Standing Committee of the Supreme People's Assembly
- Passed by: Standing Committee of the Supreme People's Assembly
- Passed: 18 January 2023

= Pyongyang Cultural Language Protection Act =

2023 North Korean law

The Pyongyang Cultural Language Protection Act is a legislation concerning prohibiting South Korean-style language in North Korea. It was passed by the Standing Committee of the Supreme People's Assembly on 18 January 2023. The law criminalizes the use of South Korean-style language and expressions by North Koreans, with a maximum penalty of death.

== History ==
The law was passed on 18 January 2023.

== Provisions ==
The law is made up of five chapters and 65 articles. Article 2 describes South Korean language as "a jumbled together language that has completely lost the essentials of the Korean language due to its vocabulary, grammar and intonation becoming Westernized, Japanized and Sinicized. It is a lowly and disgusting garbage language that exists nowhere else in the world".

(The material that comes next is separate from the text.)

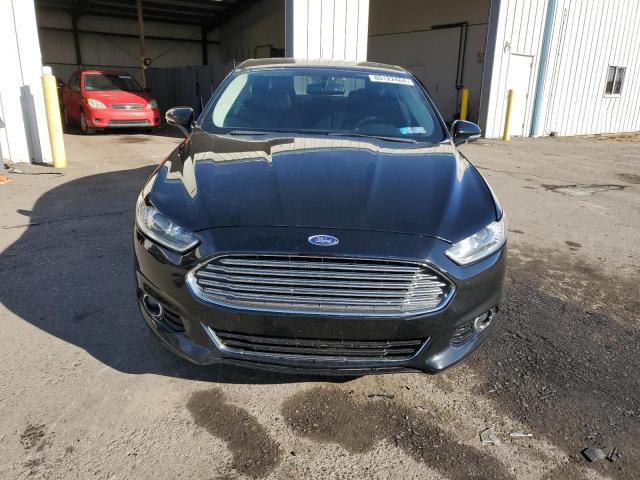 Photo 5 from auction – 2016 FORD FUSION TIT with VIN 3FA6P0D92GR210064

Article 5 states that the "nationwide struggle to completely eliminate remnants of the puppet language" as a "serious political and class struggle that affects the very fate of our socialist system and the very existence of our people and future generations".

Article 6 states that "the State shall treat anyone who imitates or spreads the puppet [South Korean] language as garbage contaminated with puppet culture and as criminals. Anyone, regardless of the seriousness of the matter, shall face serious legal sanctions, including the death penalty.

Article 19 (Ban on Imitating Puppet Style Titles) prohibits citizens from "the use of titles in the puppet style such as young people calling non-relatives oppa [elder brother] or adding nim [an honorific attached to the end of titles or names] at the end of a professional title." The article continues by saying "citizens can use the title oppa until the end of their time in the Korean Children’s Union, but starting from their time in the Socialist Patriotic Youth League, they must use the titles dongji and dongmu."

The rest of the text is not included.